For sheer energetic exuberance, vivid and colourful language not to mention satire with more than a hint of madness there is no one quite like Nikolai Gogol. This collection translated by Richard Pevear and Larissa Volokhonsky and published by Granta includes thirteen of his tales. The first part of the book deals with those that are set in the Ukraine and have strong elements of folk tales as well as the supernatural but written in Gogols unmistakable style. The best Ukrainian tales are those where the supernatural element is minimal or absent, in particular the beautiful "Old World Landowners" and "The Story of How Ivan Ivanovich Quarreled with Ivan Nikiforovich".
In the second section the tales are situated in St Petersburg. With the exception of the rather whimsical and slightly flat "The Diary of a Madman" the quality of those stories are fantastic.
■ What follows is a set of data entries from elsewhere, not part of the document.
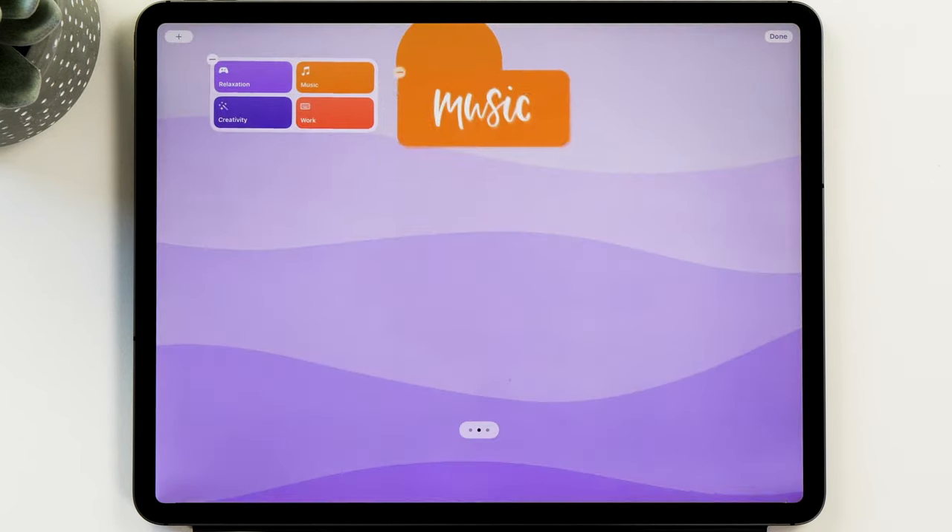Tap done and go back to the home screen. Now if you tap on creativity, it will select the creativity home screen. You can see the four dots disappear, the UI changes to the dark interface, and the wallpaper has also changed. How cool is that?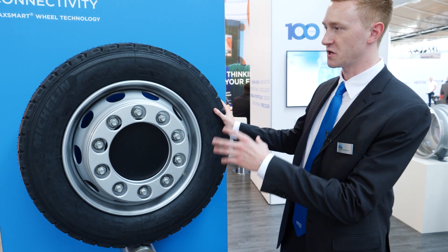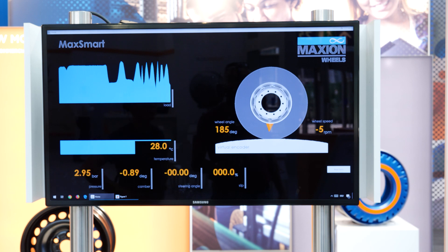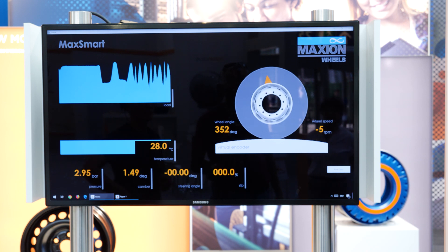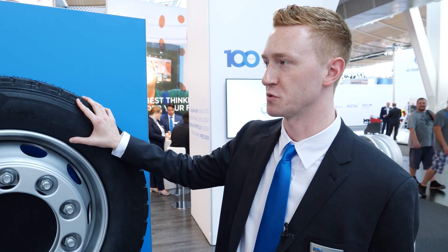We have a demonstration here where all of the data from the wheel is streaming to the screen on your left. This has all of the pressure, temperature, load, acceleration, gyroscope, and digital compass data — all combined into one sensor, giving you all of the information you need to accomplish a load measurement on your vehicle.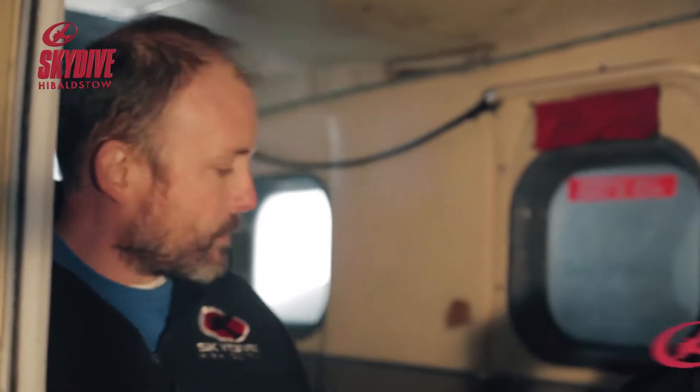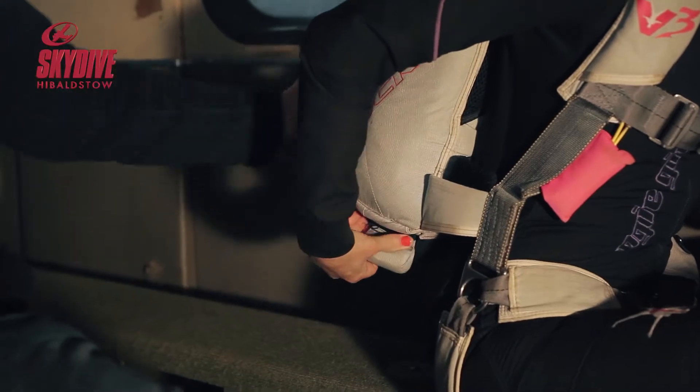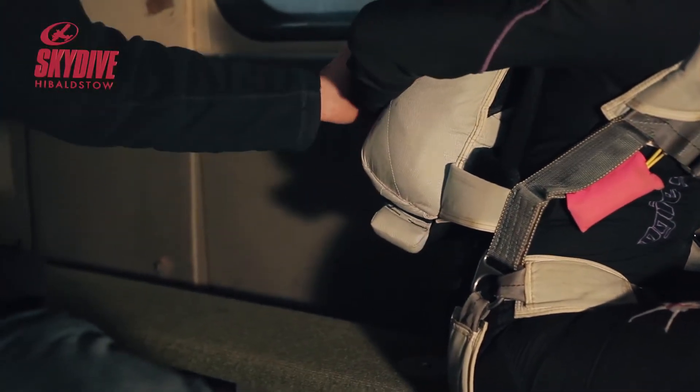Then we're going to check our deployment and our handle. So we're going to check our main handle to make sure we can reach it. If we can feel around the back and check our pin, it's perfect — make sure the container is still closed.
My particular favourite is "The Nose" in which the unfortunate collegiate assessor Kovalev wakes up one morning absent his nose, which is apparently on the loose in St Petersburg in the guise of a Privy Councilor. Sounds ridiculous, but part of the fun in Gogol is in the matter of fact way the narrative runs. On the surface he takes these surreal facts at face value while having tremendous fun with the twists and turns in the telling. It has me chuckling away to myself at any rate. There are darker more uncomfortable stories in particular "The Portrait" which is a singular and sinister story of the artist squandering his talents for worldly fame. "The Overcoat" falls in part between the two, being dark as well as amusing.
Gogol is always a joy to read, and this is as comprehensive collection of his shorter works as I've seen. If you've got thus far without reading him then perhaps the Dover Classics edition of The Overcoat
(it includes "The Nose") is the best place to start.